Wed Jan 30 08:31:48 UTC 2013

on 30/01/2013 01:06 Rick Macklem said the following:
> Andriy Gapon wrote:
>> on 29/01/2013 23:44 Hiroki Sato said the following:
>>>   http://people.allbsd.org/~hrs/FreeBSD/pool-20130130.txt
>>>   http://people.allbsd.org/~hrs/FreeBSD/pool-20130130-info.txt
>>
>> I recognize here a ZFS ARC deadlock that should have been prevented by
>> r241773
>> and its MFCs (r242858 for 9, r242859 for 8).
>>
> Unfortunately, pool-20130130-info.txt shows a kernel built from r244417,
> unless I somehow misread it.

You are right.  I slightly misdiagnosed the problem - it's not the same, but a
slightly different problem.  So it has "almost the same" cause, but r241773
didn't handle this situation.

Basically:
- a thread goes into ARC, acquires some ARC lock and then calls malloc(M_WAITOK)
- there is a page shortage, so the thread ends up in VM_WAIT() waiting on pagedaemon
- pagedaemon synchronously invokes lowmem hook
- the ARC hook sleeps waiting on ARC reclaim thread to make a pass
- ARC reclaim thread is blocked on the ARC lock held by the original thread

My conclusion: ARC lowmem hook should never wait on ARC reclaim thread.  At
least as long as the ARC code calls malloc(M_WAITOK) while holding locks.
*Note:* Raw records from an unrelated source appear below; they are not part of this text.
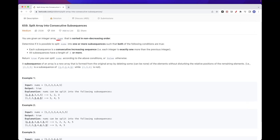The problem gives us a numbers array sorted in non-decreasing order, and we want to determine if it's possible to split it into one or more subsequences with two conditions: first, the numbers in each subsequence must be consecutive — each element is the previous one plus one, like 1, 2, 3, 4 or 4, 5, 6. Second, all subsequences must have a length greater than or equal to three. We return true if possible, false otherwise.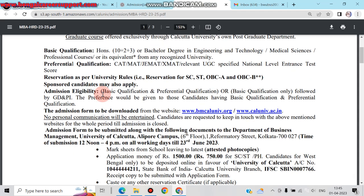For admission eligibility, candidates need either basic qualification plus preferential qualification, or basic qualification only followed by a Group Discussion and Personal Interview. Preference will be given to candidates with the basic qualifications.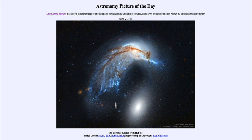That was our picture of the day for May the 10th of 2020, titled The Porpoise Galaxy from Hubble. We'll be back again tomorrow for the next picture, previewed to be behind Beetlejuice, so we'll see what that's about tomorrow.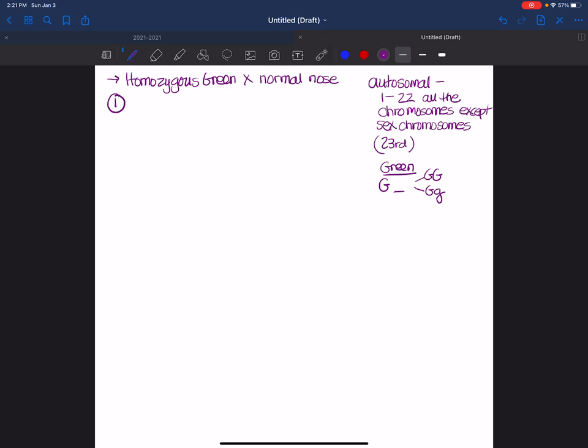So we're always going to put the mother first. And so she's homozygous green. That means she has two big G alleles. So if we review what an allele is, an allele is an alternate form of a gene. And we use capital letters to help us organize our thoughts when we talk about alleles. We could use numbers. We could use pictures. It doesn't matter.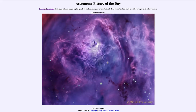Greetings and welcome to the introduction to astronomy. One of the things that I like to do in each of my introductory astronomy classes is to begin with the astronomy picture of the day from the NASA website — that is apod.nasa.gov/apod. Today's picture for September 28th, 2023 is titled 'The Deep Lagoon.'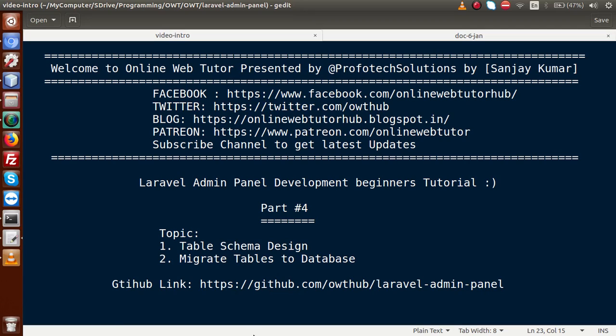Hello guys, welcome to Online Web Tutor presented by Profit Explosions team. I am Sanjay. We are learning Laravel admin panel development beginner tutorial, and this is Part 4. Inside this video session we will discuss about table schema design, as well as we will migrate all the tables that we have created inside the whole application. If you're a beginner to the channel, please don't forget to subscribe.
Perhaps the root cause here is that we treat both KM_PUSHPAGE and KM_SLEEP as
M_WAITOK.  We do not seem to have an equivalent of KM_PUSHPAGE?
Perhaps resurrected M_USE_RESERVE could serve this role?

Quote:
A small pool of reserved memory is available to allow the system to progress
toward the goal of freeing additional memory while in a low memory situation.
The KM_PUSHPAGE flag enables use of this reserved memory pool on an allocation.
This flag can be used by drivers that implement strategy(9E) on memory
allocations associated with a single I/O operation. The driver guarantees that
the I/O operation will complete (or timeout) and, on completion, that the memory
will be returned. The KM_PUSHPAGE flag should be used only in kmem_cache_alloc()
calls. All allocations from a given cache should be consistent in their use of
the flag. A driver that adheres to these restrictions can guarantee progress in
a low memory situation without resorting to complex private allocation and
queuing schemes. If KM_PUSHPAGE is specified, KM_SLEEP can also be used without
causing deadlock.

But please note how the Solaris API allows to use KM_PUSHPAGE with KM_SLEEP, not
sure what's going on under the hood in that case.

>> See tid 100153 (arc reclaim thread), tid 100105 (pagedaemon) and tid
>> 100639
>> (nfsd in kmem_back).
>>
>> --
>> Andriy Gapon

-- 
Andriy Gapon